Down goes the cheap whiskey and ginger ale, an ambrosial concoction.

I don't understand why I can't just drink in peace anymore.

Outside the three walls that make up my low-rent apartment, I can hear sirens blaring. I can hear the ceilings dripping from water that rained over four days ago. I can hear randy cats getting more action than my fellow tenants.

‘Cept for the in-call girl what works the floor below me. If the fake orgasms stopped for more than ten minutes, I'd think she was dead. And it wouldn't surprise me.

‘Prolly wouldn't surprise her, ‘neither.

If I had to gamble, and I do, I'd wager that I was the only burned-out, broken down soul in this here building that owned a computer. Only one capable of puttin' a coherent sentence together, on paper, screen, or in speech. If I had a hundred bucks, and my pocket says I don't, I'd be willin' ta bet I'm the only one within a mile that knows what exactly “per capita” means.

Like the man said, ignorance is bliss.

But I know why I can't drink in peace anymore.

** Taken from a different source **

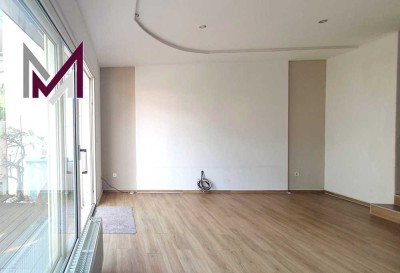 Reihenmittelhaus mit Studio-Dachgeschoss und schönem Garten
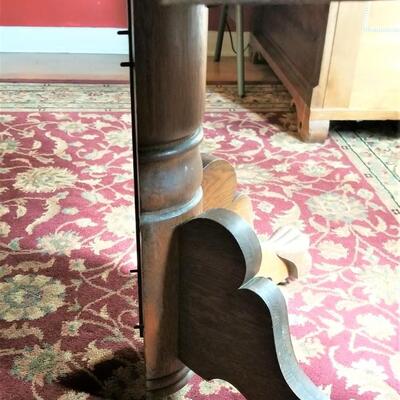 Lot #81  Antique Dining Room Table with 6 leaves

All the old places have closed down. All the ex-speakeasies, the decrepit pool halls, the bars with more holes in the floor than customers. The strip clubs with women so ugly, they'd charge less for a lap dance than you'd tip the waitress at a late-night Denny's (the same one she worked at on another shift, across the highway). All those places, gone the way of Bogie and McQueen, of Flynn and Hank Bukowski. There's no place for 'em anymore, 'cause there's no people for 'em anymore.

And there's no quiet place to drink anymore. There's no place to really, truly drink anymore.

‘Cept with me, and I'm here, alone. Indoors, and gettin' rained on.